Action item:
Would you write the data out once more, exactly as it is?

(Data entries)
..........

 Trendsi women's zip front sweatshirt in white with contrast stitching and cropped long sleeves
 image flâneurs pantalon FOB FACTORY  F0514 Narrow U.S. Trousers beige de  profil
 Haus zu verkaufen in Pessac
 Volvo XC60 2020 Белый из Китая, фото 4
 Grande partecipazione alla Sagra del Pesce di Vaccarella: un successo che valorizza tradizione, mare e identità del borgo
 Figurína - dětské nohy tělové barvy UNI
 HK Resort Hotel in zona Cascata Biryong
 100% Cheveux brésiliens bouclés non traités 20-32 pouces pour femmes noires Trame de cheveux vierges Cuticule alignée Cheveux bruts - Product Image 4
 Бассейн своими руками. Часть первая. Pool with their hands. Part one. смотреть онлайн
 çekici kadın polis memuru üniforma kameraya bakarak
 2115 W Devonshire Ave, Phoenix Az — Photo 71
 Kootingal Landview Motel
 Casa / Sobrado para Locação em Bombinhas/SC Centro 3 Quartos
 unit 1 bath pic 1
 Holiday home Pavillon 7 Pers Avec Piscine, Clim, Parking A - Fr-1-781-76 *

..........

Exercise response:
 Trendsi women's zip front sweatshirt in white with contrast stitching and cropped long sleeves
 image flâneurs pantalon FOB FACTORY  F0514 Narrow U.S. Trousers beige de  profil
 Haus zu verkaufen in Pessac
 Volvo XC60 2020 Белый из Китая, фото 4
 Grande partecipazione alla Sagra del Pesce di Vaccarella: un successo che valorizza tradizione, mare e identità del borgo
 Figurína - dětské nohy tělové barvy UNI
 HK Resort Hotel in zona Cascata Biryong
 100% Cheveux brésiliens bouclés non traités 20-32 pouces pour femmes noires Trame de cheveux vierges Cuticule alignée Cheveux bruts - Product Image 4
 Бассейн своими руками. Часть первая. Pool with their hands. Part one. смотреть онлайн
 çekici kadın polis memuru üniforma kameraya bakarak
 2115 W Devonshire Ave, Phoenix Az — Photo 71
 Kootingal Landview Motel
 Casa / Sobrado para Locação em Bombinhas/SC Centro 3 Quartos
 unit 1 bath pic 1
 Holiday home Pavillon 7 Pers Avec Piscine, Clim, Parking A - Fr-1-781-76 *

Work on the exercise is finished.